Bad indicators in the direction of trends in South African education and health last week.
Very briefly:
Two recent studies reveal a low and/or deteriorating quality of matriculant entering university. The national benchmarking test (NBT) tested 13000 first years at major SA universities and found only 43% proficient in academic literacy, 25% in quantitative literacy and, astonishingly, only 8% in maths. More worryingly a major study done yearly for the last ten years at traditionally Afrikaans speaking/teaching universities indicates a clear deterioration in academic readiness. (Note that while the NBT found absolutely poor levels of readiness the test is too new to establish a trend).

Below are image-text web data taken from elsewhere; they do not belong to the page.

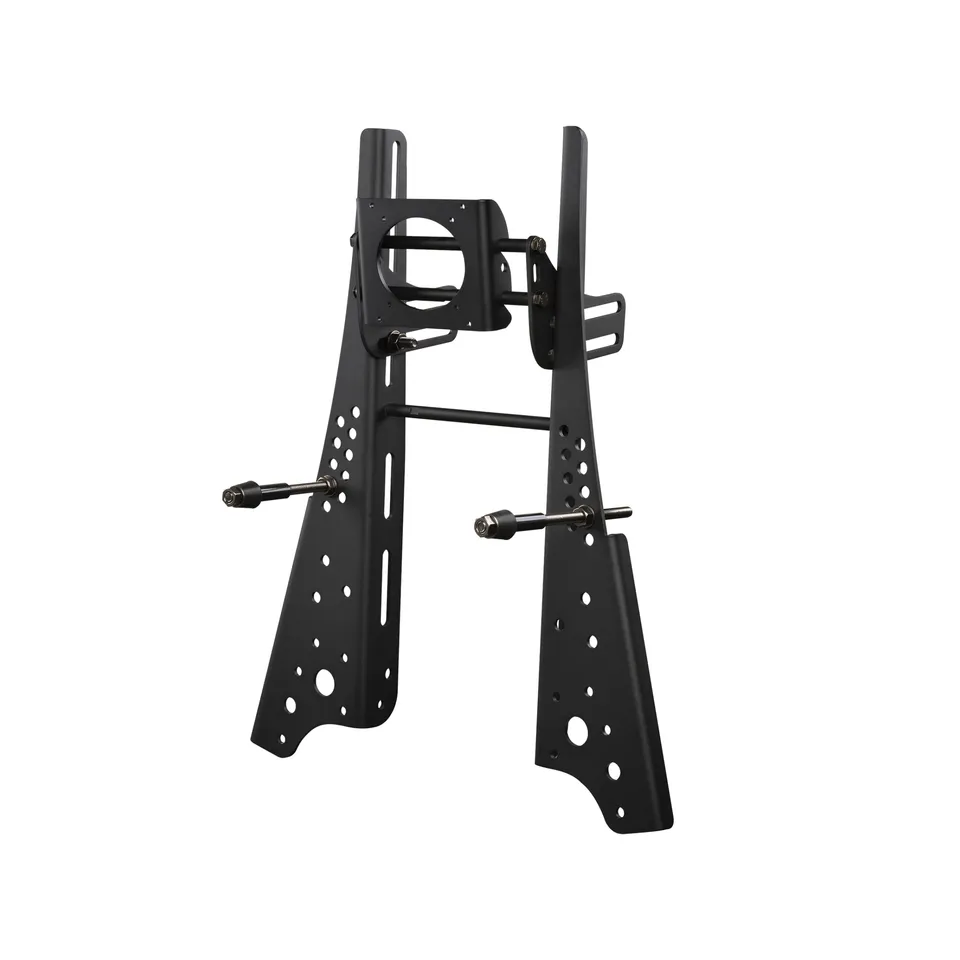 Fanatec CSL Support Écran Cockpit Noir Réglable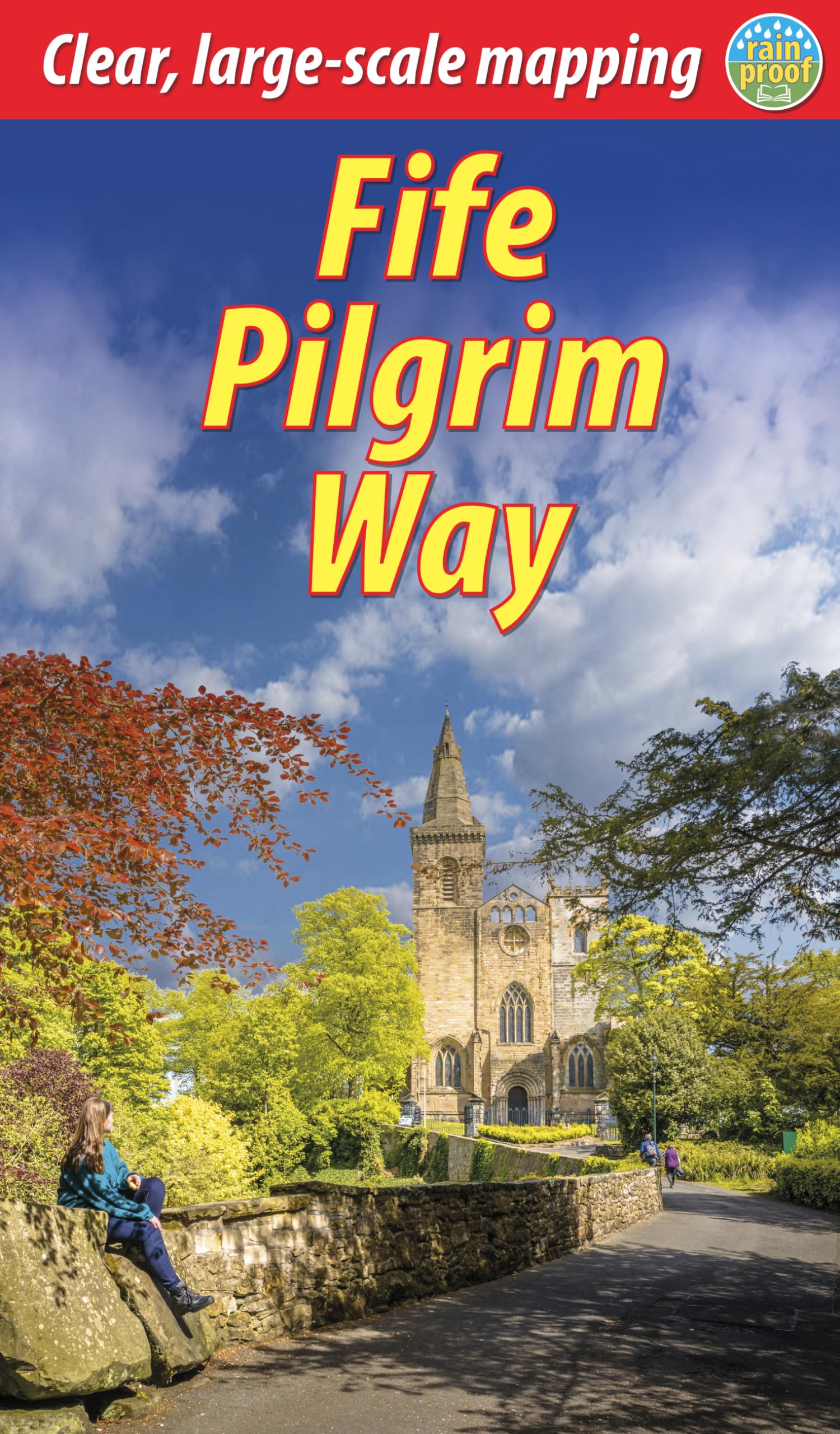 Fife Pilgrim Way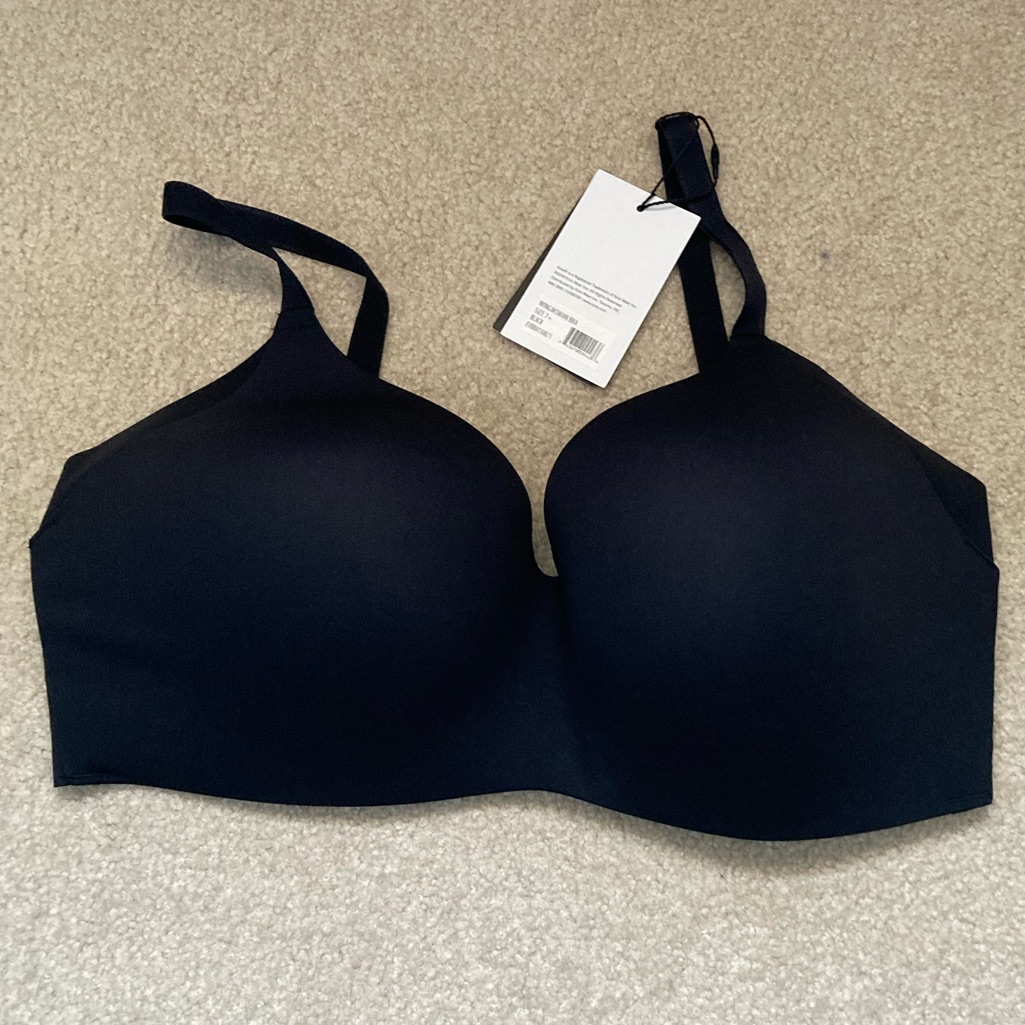 Knix Wireless Bra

Secondly, Lancet, a highly respected international journal on health , published a special series on South Africa that indicated public health and the public health system was in serious trouble:
with the collision of four excessive health burdens: communicable disease (especially HIV/AIDS), noncommunicable disease, maternal, neonatal and child deaths and deaths from injury and violence.
The journal points out that:
Since 1994 life expectancy has reduced by almost 20 years – mainly because of the rise in HIV-related mortality – the average life expectancy at birth is now 50 years for men and 54 years for woman.
Devastatingly, the journal points out that there has been an increase in poverty and hunger as well as in child mortality since 1994.
Good public education and health are the best predictors of a country’s success. Effective investments in public health and public education are probably the most any government can do to change future developmental outcomes. The fall of the Soviet Union in 1989 taught us that the state can do a lot less than we hoped. The debt crisis and market crash we are experiencing is teaching that the state needs to do a lot more than it is doing. The South African state seems to be a special case: in the long term it will have to do more, but for now what it is urgently required is that it does better.